Getting enough quality sleep is as important as the food you eat and how much water you drink. When you lack sleep it is hard to concentrate or respond rapidly and your brain cannot form pathways to create new memories.
When you sleep, your body repairs itself by feeding the organs and muscles with Oxygen and nutrients from the blood. Sleep affects all the systems in the body from the brain, heart, and lungs to immune function, disease resistance and metabolic regulation. Poor quality sleep may cause disorders like high blood pressure, cardiovascular disease, diabetes, depression, and even obesity.
Everyone needs sleep, there are no exceptions but we all need a different amount of sleep to function. Some people can function on 5 hours and others need 8 or even 9 hours of sleep. It all depends on the quality of your sleep. Someone who sleeps solidly for 5 hours may feel more rested than someone who sleeps for 9 hours but wakes up intermittently.
There are 5 stages of sleep that we go through in a night:
- First we are awake, we lie down in bed and prepare to sleep.
- Just before we fall asleep we begin to drowse off and start day dreaming. The body starts to relax, respiration and heart rate slow down.
- We are still awake with bursts of brain activity just before falling into a deep sleep.
- In a deep sleep the body can begin to repair the muscles. The immune system also begins to fight diseases during this stage of sleep.
- The final stage of sleep is REM. This means rapid eye movement and it is considered the state of dreaming. The eyes move in all directions and the brain seems to be active like when we are awake.
These sleep cycles repeat themselves throughout the night not necessarily in the same order. Hopefully without going back to stage 1 and becoming completely awake in the middle of the night.
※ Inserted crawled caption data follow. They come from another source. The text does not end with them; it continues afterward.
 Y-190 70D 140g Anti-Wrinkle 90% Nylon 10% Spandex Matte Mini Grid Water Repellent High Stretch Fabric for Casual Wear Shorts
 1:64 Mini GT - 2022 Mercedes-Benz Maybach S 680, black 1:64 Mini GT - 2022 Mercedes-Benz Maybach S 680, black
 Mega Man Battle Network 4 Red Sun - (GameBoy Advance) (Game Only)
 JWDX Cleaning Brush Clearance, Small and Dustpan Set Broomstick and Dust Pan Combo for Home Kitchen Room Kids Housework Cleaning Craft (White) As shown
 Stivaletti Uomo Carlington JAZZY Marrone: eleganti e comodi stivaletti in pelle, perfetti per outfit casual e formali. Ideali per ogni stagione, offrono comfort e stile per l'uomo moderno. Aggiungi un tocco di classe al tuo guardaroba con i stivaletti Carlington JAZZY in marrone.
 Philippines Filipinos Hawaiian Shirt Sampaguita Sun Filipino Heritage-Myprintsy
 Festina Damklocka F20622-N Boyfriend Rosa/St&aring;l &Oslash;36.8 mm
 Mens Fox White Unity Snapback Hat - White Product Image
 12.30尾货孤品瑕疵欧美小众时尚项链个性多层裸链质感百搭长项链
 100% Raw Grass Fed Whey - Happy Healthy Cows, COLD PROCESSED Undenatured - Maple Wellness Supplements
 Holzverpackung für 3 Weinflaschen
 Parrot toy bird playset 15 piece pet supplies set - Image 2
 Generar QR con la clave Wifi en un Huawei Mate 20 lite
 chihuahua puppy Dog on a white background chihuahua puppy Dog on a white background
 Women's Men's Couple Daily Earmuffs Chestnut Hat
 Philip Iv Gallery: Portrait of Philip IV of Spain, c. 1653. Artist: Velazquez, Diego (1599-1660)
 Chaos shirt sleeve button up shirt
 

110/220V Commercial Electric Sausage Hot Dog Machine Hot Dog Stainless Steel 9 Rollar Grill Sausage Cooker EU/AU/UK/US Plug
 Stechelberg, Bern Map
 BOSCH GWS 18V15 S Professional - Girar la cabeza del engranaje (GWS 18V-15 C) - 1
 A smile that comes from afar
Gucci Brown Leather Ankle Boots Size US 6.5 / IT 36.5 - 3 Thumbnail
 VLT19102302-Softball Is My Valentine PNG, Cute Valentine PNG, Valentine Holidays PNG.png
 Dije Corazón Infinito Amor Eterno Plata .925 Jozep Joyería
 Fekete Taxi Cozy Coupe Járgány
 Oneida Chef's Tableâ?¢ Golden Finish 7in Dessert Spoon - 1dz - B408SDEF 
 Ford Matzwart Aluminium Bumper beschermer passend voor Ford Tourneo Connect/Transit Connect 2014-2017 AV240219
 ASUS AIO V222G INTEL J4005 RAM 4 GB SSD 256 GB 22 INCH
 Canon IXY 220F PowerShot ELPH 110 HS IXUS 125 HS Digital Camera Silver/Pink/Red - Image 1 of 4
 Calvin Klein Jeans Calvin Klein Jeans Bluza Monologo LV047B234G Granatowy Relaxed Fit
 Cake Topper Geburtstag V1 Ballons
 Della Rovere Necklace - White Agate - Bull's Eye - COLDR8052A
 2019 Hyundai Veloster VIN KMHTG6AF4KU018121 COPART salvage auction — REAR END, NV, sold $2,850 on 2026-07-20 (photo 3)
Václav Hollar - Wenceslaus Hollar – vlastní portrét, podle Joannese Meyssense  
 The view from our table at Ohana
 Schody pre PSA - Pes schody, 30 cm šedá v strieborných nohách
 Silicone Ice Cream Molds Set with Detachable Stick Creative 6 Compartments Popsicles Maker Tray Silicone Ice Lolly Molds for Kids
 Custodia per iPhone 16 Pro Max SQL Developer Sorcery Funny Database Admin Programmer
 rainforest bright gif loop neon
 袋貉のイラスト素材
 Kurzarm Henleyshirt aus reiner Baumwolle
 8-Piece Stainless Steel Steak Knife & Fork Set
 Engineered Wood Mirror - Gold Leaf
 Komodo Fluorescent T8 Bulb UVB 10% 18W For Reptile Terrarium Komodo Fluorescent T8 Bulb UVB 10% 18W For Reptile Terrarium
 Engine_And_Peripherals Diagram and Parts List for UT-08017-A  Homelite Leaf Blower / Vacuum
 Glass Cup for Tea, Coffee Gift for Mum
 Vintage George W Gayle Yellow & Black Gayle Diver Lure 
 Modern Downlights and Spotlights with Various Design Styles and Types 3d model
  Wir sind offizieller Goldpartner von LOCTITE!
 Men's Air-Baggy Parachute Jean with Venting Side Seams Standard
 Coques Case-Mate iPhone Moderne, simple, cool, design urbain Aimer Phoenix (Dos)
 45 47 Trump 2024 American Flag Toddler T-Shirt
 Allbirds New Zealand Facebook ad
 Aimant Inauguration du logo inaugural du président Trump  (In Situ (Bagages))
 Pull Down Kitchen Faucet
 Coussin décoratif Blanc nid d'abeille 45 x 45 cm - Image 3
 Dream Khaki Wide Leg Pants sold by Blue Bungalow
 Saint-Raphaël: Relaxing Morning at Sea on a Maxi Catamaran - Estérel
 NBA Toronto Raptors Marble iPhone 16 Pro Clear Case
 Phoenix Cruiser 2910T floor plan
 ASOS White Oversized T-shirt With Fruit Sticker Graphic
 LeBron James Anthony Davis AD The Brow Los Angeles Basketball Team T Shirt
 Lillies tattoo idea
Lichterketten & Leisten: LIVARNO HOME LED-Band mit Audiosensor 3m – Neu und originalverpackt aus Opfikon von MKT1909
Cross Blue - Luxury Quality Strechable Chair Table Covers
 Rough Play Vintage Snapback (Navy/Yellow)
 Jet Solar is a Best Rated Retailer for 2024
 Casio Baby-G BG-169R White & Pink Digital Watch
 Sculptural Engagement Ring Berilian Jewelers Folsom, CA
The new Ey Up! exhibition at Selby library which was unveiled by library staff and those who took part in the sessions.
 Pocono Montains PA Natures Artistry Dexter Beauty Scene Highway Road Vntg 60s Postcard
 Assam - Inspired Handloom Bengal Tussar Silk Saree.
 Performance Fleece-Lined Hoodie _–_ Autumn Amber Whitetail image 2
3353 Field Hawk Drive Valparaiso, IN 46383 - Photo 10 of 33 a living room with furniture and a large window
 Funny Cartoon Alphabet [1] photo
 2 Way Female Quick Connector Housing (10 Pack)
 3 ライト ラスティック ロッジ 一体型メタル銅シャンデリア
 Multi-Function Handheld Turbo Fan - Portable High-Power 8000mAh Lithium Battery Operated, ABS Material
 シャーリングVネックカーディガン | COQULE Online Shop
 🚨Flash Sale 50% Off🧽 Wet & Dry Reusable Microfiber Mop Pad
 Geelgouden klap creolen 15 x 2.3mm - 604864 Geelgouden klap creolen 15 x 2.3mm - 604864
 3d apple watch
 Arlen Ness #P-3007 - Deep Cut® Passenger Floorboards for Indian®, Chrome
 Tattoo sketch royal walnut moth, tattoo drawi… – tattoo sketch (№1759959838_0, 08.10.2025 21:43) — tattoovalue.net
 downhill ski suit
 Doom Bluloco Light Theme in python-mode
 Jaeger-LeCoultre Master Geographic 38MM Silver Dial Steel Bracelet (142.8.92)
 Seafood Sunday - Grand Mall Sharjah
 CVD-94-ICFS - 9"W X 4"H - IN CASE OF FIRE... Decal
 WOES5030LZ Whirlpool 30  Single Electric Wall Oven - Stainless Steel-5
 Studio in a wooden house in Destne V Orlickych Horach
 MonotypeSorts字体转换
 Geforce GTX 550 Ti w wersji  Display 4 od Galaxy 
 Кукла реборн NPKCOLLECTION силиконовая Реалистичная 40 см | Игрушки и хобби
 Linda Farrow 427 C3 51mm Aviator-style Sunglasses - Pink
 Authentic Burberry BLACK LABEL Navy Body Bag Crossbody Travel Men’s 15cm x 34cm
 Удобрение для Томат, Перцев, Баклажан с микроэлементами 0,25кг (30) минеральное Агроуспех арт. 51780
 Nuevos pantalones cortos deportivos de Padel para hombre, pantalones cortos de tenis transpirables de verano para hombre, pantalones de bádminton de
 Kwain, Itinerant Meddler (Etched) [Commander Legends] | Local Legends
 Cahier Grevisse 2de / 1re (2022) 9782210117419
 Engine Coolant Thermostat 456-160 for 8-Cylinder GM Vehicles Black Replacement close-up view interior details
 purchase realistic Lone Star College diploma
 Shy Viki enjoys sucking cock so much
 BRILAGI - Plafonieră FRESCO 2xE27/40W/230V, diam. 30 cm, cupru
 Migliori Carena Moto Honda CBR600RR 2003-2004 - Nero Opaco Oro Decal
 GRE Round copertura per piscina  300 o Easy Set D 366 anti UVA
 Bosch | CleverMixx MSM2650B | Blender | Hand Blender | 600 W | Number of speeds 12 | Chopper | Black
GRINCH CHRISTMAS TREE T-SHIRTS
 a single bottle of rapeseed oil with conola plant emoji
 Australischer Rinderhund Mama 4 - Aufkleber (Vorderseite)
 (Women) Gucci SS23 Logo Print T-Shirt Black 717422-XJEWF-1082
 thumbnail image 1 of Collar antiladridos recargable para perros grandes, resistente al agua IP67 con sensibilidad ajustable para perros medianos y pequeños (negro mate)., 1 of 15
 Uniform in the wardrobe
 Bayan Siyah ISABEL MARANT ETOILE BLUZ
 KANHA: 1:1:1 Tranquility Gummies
Body temperature is linked to the quality of your sleep. It is important to get enough sunlight during the day so your body stays warm. This gives it more energy to stay awake. People who don’t get enough light during the day might remain sleepy but using a bright light might help. Bright lights are also known to help with depression and moods.
Melatonin is the hormone in your body that helps you sleep. In the evening when it is dark the melatonin levels in your body rise preparing you for the night ahead.
To best regulate your hormones your body needs a regular rising time and sleeping time. It is best to stick close to it on the weekends so that you don’t disrupt the system.
Sleep / Wake system
A good sleep means that you have energy for the time you are awake during the day. If you don’t sleep well it is common not to have the to function properly during your wake hours. You might not exercise because you are feeling tired yet that is exactly what you need to do to improve the quality of your sleep. When you improve the quality of your sleep you feel more awake during the day and have more energy to exercise.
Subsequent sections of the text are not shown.